***** Records to use
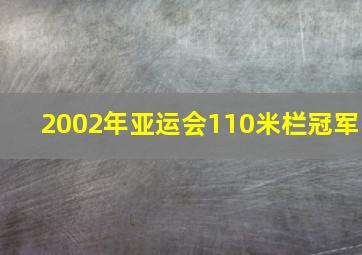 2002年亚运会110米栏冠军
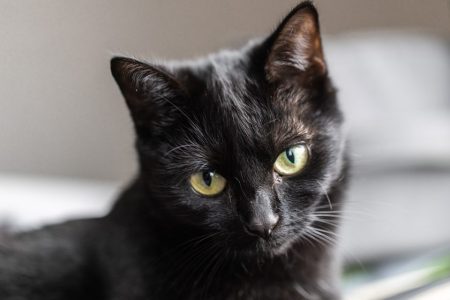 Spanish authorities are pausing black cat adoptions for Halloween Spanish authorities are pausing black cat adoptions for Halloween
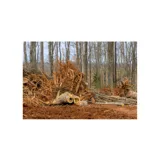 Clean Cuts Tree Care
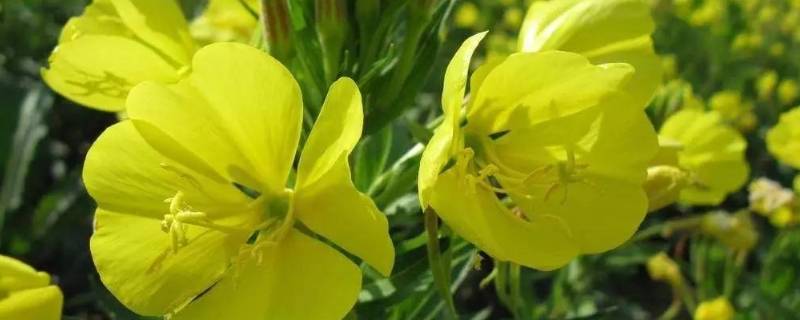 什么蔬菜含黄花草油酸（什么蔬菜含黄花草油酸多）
**********
***** Records to use
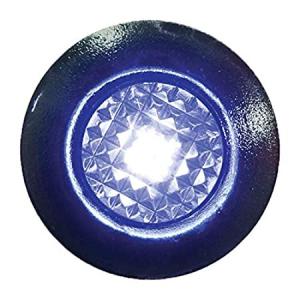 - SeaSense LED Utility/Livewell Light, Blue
**********
Write back word for word every line in the entries above from the one with "2002年亚运会110米栏冠军" to the one with "什么蔬菜含黄花草油酸（什么蔬菜含黄花草油酸多）", ends included, and none of the pictures.

• **Result**
 2002年亚运会110米栏冠军
 Spanish authorities are pausing black cat adoptions for Halloween Spanish authorities are pausing black cat adoptions for Halloween
 Clean Cuts Tree Care
 什么蔬菜含黄花草油酸（什么蔬菜含黄花草油酸多）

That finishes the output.